Probable Mechanism for formation of CNPs by GCR

Figure 6 shows the TEM image of CNPs synthesized by GCR. The TEM image consists of large number of agglomerated NPs (Fig. 6a, b) [29]. Further, HRTEM image clearly resolved interplanar distance and lattice fringes separated by a distance of 0.3 nm corresponding to the (311) crystal plane of tetragonal phase (Fig. 6c, d). The clear rings observed in SAED pattern (Fig. 6e) confirm the polycrystalline nature of the prepared samples.
Fig. 6

TEM (ac), HRTEM (d) and SAED pattern (e) of CNPs (GCR)

FTIR studies

To confirm the phase transformation and purity of the CNPs prepared by GCR and CCR method, the FTIR spectra were recorded in the range 400–4000 cm−1 (Fig. 7). The bands in the range 400–600 cm−1 were due to vibrations of metal ions. The two prominent absorption bands of metal–oxygen bond corresponding to the vibration of tetrahedral and octahedral complexes were observed at ~ 523.4 and ~ 415.5 cm−1, respectively. Further, the bond observed at ~ 523.4 cm−1 was attributed to the stretching vibration of tetrahedral group Cu–O and the bond observed at ~ 415.5 cm−1 was attributed to the octahedral complex Fe–O vibrations [30]. Both the samples showed wide band at 3421 cm−1 which indicates the presence of hydroxyl groups and band observed at ~ 1651 cm−1 was attributed to the O–H bending vibration of adsorbed water molecules [31].
Fig. 7

FTIR spectra of synthesized CNPs by a GCR & b CCR

Electrochemical studies

Cyclic Voltammetry (CV) was useful to study the electrochemical characteristics and supercapacitive nature of the CNPs synthesized by GCR and CCR modified with carbon paste electrode. The CV experiments were carried out with conventional three electrode system in 0.1 M KNO3 electrolyte in the potential window 1.2 to − 1.2 V at the range of scan rate of 50 mV/s and the results are revealed in the Fig. 8. It is noteworthy that the GCR CNPs synthesized by green combustion-modified electrode possess redox peak with enhanced peak current compared to CCR CNPs can be ascribed to its good photocatalytic activity. From the above explanation, it is clear that the capacitances of the samples follow the order: GCR CNPs > CCR CNPs.
Fig. 8

CV plots for CNPs synthesized by GCR (a) & CCR (b) at potential range 1.2 to − 1.2 V with scan rate 50 mV/s

Figure 9 shows typical EIS Nyquist plots of the CNPs prepared by GCR & CCR. The Nyquist plot of the electrodes displays a single semicircle at the high-frequency region and a line at the low-frequency region, indicating the electrochemical reaction at the electrodes is controlled by a mixed process of charge transfer and diffusion. Further, the arc radius of the EIS spectra reflects the interface layer resistance arising outside the electrode. Smaller the arc radius indicates that higher charge transfer effectiveness [32]. The arc radius for GCR and CCR-synthesized CNPs was found to be 31 and 48 Ω, respectively. The smaller charge transfer resistance provides more contribution for enhanced photocatalytic activity by easy transfer of charge. Thus, GCR CNPs have smaller arc radius with enhanced photocatalytic activity.
Fig. 9

Impedance plot of CNPs synthesized by (a) GCR & (b) CCR (Inset: Circuit fitting program for CNPs)

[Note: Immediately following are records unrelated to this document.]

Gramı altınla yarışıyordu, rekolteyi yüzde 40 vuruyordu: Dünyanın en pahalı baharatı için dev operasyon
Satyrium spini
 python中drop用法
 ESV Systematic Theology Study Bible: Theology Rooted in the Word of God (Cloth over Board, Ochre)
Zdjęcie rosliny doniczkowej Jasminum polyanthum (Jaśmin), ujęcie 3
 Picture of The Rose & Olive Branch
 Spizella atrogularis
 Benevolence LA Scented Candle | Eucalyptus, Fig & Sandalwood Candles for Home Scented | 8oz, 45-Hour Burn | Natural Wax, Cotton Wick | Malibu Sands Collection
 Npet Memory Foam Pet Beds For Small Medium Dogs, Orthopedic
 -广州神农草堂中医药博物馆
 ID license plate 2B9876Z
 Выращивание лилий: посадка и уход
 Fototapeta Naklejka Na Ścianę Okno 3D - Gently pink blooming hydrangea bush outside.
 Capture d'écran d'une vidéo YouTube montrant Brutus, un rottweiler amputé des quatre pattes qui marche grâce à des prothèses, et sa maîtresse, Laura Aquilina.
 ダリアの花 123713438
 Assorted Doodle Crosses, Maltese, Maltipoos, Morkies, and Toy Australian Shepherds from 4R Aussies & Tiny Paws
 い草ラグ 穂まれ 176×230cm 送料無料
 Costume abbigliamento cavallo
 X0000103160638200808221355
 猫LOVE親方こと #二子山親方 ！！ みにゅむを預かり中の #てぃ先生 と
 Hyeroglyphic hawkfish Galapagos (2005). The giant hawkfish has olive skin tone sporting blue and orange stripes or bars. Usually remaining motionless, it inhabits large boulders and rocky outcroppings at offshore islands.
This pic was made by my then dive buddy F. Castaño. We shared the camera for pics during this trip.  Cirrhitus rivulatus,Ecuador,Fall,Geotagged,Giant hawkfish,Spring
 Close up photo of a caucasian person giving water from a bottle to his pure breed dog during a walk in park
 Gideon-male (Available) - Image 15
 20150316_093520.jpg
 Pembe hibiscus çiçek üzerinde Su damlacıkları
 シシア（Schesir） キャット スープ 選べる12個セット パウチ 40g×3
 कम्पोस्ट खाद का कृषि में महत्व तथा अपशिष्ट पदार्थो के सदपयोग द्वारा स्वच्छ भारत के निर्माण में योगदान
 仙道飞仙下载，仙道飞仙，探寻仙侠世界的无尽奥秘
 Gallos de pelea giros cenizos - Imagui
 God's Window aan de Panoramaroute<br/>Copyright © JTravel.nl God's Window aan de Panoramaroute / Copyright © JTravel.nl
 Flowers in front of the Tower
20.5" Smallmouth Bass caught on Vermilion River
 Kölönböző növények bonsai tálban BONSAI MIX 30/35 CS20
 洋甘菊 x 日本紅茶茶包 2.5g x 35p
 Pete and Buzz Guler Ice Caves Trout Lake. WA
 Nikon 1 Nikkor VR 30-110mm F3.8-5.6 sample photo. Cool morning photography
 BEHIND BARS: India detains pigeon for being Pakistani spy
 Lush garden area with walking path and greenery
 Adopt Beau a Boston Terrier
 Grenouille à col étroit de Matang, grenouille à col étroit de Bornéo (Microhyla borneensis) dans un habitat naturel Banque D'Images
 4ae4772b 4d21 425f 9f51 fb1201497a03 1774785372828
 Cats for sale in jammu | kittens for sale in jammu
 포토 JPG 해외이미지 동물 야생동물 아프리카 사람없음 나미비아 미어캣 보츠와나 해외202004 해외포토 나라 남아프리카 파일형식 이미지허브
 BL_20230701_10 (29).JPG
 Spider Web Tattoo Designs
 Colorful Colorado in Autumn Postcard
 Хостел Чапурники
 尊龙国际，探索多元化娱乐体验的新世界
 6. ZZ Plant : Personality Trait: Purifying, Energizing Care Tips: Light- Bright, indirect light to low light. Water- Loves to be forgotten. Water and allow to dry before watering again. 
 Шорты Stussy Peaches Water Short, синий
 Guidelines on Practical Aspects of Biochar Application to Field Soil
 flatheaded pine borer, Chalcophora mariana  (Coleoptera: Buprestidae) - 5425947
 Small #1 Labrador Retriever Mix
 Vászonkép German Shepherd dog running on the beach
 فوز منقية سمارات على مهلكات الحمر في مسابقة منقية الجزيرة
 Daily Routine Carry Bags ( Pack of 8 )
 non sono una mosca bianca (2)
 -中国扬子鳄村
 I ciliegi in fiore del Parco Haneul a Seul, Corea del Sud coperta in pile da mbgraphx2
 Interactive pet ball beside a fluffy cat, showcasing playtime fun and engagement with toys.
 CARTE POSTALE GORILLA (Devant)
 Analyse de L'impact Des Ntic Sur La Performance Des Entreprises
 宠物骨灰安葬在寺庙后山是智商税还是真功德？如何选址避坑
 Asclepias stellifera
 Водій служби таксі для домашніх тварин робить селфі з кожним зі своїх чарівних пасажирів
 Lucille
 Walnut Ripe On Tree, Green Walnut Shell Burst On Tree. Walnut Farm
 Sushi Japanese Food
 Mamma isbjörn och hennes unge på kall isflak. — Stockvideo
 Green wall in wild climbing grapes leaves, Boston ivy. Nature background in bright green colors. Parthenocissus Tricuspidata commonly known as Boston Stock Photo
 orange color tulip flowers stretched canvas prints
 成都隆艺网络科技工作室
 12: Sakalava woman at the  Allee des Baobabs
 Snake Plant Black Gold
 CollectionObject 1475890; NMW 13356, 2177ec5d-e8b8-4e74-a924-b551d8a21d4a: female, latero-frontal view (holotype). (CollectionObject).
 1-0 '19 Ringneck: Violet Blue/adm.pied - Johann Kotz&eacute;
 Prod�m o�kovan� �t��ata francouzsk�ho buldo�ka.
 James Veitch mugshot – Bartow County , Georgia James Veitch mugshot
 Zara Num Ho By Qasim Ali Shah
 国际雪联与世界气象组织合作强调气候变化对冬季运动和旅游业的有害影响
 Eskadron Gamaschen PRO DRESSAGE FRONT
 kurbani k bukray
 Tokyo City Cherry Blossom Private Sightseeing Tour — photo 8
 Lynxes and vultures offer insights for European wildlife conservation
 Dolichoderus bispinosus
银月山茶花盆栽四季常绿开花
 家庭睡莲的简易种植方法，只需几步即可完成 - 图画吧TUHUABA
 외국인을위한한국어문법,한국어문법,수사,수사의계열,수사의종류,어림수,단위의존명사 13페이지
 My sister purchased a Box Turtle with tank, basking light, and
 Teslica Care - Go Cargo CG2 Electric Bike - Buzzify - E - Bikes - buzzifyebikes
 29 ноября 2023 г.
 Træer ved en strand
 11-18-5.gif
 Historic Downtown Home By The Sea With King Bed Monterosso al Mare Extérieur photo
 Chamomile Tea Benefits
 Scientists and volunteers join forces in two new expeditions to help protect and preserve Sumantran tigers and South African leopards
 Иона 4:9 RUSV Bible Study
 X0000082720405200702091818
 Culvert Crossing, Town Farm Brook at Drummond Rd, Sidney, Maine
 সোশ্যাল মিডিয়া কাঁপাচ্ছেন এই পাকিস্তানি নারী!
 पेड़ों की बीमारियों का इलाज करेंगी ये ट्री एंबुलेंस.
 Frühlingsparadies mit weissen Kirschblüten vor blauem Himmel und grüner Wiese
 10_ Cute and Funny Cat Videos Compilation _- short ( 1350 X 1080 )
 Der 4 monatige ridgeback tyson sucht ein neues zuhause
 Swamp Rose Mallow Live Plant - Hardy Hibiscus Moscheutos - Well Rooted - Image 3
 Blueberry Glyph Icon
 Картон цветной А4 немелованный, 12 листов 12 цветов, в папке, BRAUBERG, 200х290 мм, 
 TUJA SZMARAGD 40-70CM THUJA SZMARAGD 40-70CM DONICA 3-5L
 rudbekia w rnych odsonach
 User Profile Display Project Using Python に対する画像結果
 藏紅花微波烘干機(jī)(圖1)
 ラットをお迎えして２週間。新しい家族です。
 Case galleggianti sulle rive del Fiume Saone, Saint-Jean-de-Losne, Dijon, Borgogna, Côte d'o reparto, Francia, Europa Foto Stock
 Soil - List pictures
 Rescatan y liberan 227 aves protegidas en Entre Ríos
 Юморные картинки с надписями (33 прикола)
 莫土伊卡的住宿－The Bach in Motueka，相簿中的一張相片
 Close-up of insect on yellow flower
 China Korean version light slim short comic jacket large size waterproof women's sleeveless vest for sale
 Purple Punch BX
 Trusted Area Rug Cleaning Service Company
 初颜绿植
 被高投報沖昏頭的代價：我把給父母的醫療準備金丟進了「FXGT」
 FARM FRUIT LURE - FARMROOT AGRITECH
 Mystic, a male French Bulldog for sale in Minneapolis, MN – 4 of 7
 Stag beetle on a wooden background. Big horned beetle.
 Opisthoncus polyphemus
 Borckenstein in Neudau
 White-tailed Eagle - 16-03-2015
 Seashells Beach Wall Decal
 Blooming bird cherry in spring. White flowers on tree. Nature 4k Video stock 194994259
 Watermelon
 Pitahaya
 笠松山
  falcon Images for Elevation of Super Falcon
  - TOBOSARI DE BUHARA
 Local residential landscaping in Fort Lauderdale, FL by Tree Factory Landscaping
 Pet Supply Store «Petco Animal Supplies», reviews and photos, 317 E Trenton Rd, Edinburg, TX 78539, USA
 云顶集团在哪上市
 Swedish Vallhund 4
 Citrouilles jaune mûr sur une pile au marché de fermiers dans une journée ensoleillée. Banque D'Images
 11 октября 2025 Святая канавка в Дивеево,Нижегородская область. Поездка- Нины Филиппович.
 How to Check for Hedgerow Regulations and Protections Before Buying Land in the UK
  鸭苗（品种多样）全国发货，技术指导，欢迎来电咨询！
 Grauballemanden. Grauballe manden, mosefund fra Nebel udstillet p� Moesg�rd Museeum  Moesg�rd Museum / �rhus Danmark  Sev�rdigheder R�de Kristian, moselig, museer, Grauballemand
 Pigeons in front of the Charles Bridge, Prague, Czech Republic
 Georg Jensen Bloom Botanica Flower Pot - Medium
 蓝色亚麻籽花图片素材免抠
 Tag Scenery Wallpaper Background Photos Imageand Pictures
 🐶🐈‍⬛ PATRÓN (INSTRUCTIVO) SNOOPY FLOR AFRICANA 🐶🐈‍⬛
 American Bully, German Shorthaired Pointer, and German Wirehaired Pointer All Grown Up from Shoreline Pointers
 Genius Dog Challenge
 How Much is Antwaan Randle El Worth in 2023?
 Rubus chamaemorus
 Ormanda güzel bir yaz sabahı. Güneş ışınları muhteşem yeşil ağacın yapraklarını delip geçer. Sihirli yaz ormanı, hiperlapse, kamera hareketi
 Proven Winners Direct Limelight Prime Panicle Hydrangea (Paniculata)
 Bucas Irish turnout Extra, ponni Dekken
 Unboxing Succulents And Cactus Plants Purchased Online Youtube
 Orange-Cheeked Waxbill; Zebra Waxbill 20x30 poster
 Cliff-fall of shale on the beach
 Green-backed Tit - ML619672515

The impedance curve can be explained by an equivalent Randles circuit that contains solution resistance (Rs), double layer capacitance (Cdl), charge transfer resistance (Rct), and Warburg impedance. The equivalent circuit for CNPs synthesized by GCR and CCR are shown in inset of Fig. 9. At higher frequency region, only resistive effect is present whereas lower frequency region comprises capacitive and resistive effect. The circuit consists of resistance and capacitance in parallel contributing to acquire a semicircle at higher frequency region in Nyquist plot whereas Warburg impedance contributes to slant in the line at lower frequency region.

Diffuse reflectance spectral (DRS) analysis

Figure 10 shows the DRS of CNPs to find energy bandgap for GCR and CCR prepared CNPs. The spectra are plotted in terms of F(R) n in Y-axis and energy in X-axis. Kubelka–Munk equation [33] at any wavelength is represented as follows:
Fig. 10

Wood and Tauc’s plot to find bandgap and the variation of bandgap of CNPs by a GCR & b CCR (b) (Inset: Transmittance vs wavelength of CNPs (GCR & CCR))

$$F\left( R \right) = \frac{{(1 - R)^{2} }}{2R},$$
where R the absolute reflectance of the sample and F(R) is Kubelka–Munk function. The optical band gap represents the electron excitation from the valance band to conduction which is determined by the following relation.
$$(F(R)h\upsilon )^{n} = A(h\upsilon - E_{g} ),$$
where n = 2 for a direct allowed transition, n = 1/2 for an indirect allowed transition, A is the constant and hυ is the photon energy. To get the direct bandgap, the linear part of the curve was extrapolated to (F(R) )2 = 0. The bandgap energy (Eg) values are estimated from the plot and found to be 1.96 and 1.84 eV for CCR and GCR CNPs, respectively. The expected changes in the band gap values in CNPs are due to the increase of carrier concentrations which lead to the Burstein–Moss effect [34].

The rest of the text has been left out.